Too many shadow rays generate null pointer execution on CPU in Optix 6.0

Dear All,

I am trying to implement a simple tracer for evaluating Phong materials with shadows.
Execution runs fine if only directional and spotlight shadows are enabled. It also works with only directional and point light shadows enabled.

If shadow ray launches are enabled for directional and both point and spot lights (all rtTrace code lines uncommented) however, Optix code runs into a null pointer execution on CPU during rtContextLaunch2D(…).
Exception thrown at 0x0000000000000000 in optixtest.exe: 0xC0000005: Access violation executing location 0x0000000000000000.

Commenting rtTrace for either results in a successful trace

I am working on Windows 10 CUDA 10.1 (tried 10.0 as well), Optix 6.0, NVIDIA driver 430.86 (tried several other drivers), NVIDIA RTX 2070 GPU.

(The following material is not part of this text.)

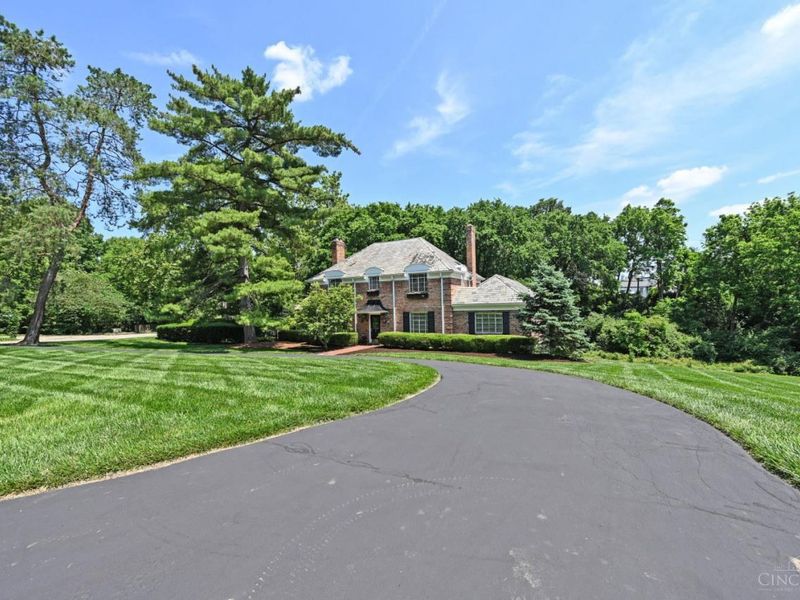 101 Linden Drive, Wyoming, OH 45215 Photo 4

I have the following in my code.

In closest hit program:

#include <optix_world.h>
#include <optix_math.h>
//...


#define EPSILON 0.00001f

struct PerRayData_shadow
{
        bool inShadow;
};

rtDeclareVariable(PerRayData_shadow, currentPerRayDataShadow, rtPayload, );

RT_PROGRAM void collisionAnyHitProgram()
{
	currentPerRayDataShadow.inShadow = true;
	rtTerminateRay();
}


rtDeclareVariable(rtObject, top_object, , );

rtDeclareVariable(uint4, lightCounts, , ); //Directional, spot, point.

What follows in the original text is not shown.